Hello everyone,
I am new to GO database and R.
I have a data table with a protein list (gene symbols) which I got from filtering a bigger table by fold-change and pvalue. See below for the head of my table.
> head(table)
X log2FC FC pvalue padj
45 DDX21 0.8358637 1.784925 0.021688905 0.2737480
82 PDCD11 0.7647240 1.699045 0.037086918 0.2947572
104 RSL1D1 0.7923346 1.731875 0.034387111 0.2938215
202 TBL3 0.7217412 1.649171 0.004074165 0.1638396
228 NOP2 0.8724764 1.830803 0.005316531 0.1786989
I now need to filter this table by organelle location of these proteins and by their transmembrane/or not status.
How can I get GO terms for location and transmembrane status so that I can filter my proteins? I was planning on using packages. org.Hs.eg.db and GO.db to get GO terms and add them as columns to the table to ultimately filter my proteins but what I tried is not working.
Could you please help me to find a proper code for this purpose?
Thank you!
Thank you so much for your help, I tried reproducing your code with my whole list of proteins and got this warning:
Does that mean there are any incorrect gene symbols in my list?
Do you know how can I filter and remove from my table proteins which are located in one concrete organelle or cell compartment? For example, removing all proteins which are located in cytosol.
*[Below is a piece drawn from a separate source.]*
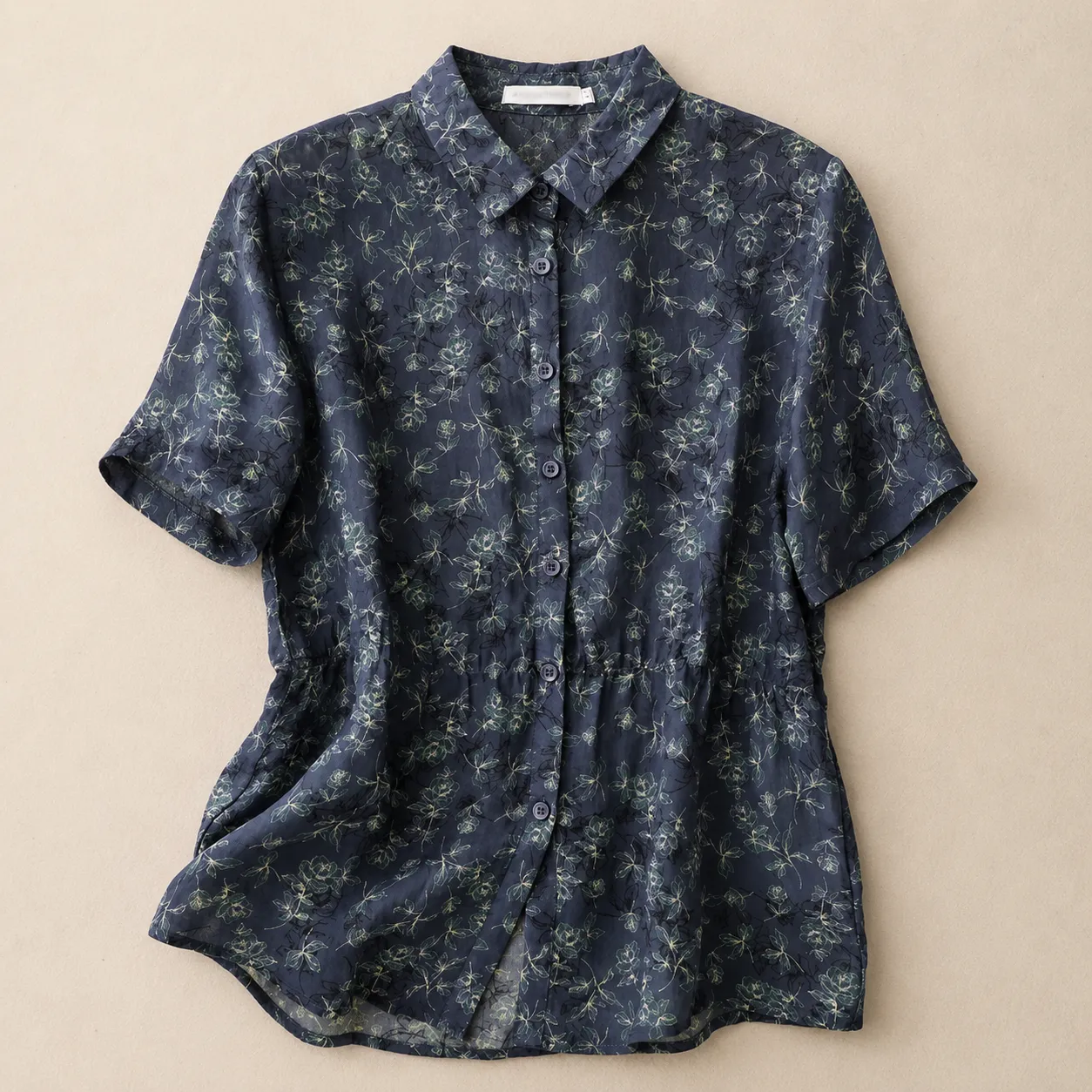Women's Floral Print Cotton Linen Button-Up Blouse sold by Hensley London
Check these posts: https://support.bioconductor.org/p/132388/ and 98.21% of input gene IDs are fail to map
Once you identified which protein is associated with let's say cytosol, then subset your data frame to remove those proteins. Steps toward that would be something like this:
Thank you. The post you recommended was useful!
I tried what you suggested to filter my data.
With this code I did select the cell compartments I wanted to remove from my table as you suggested (just changed the items in "Description").
Now, how could I remove the genes from "geneID" column from my original data frame?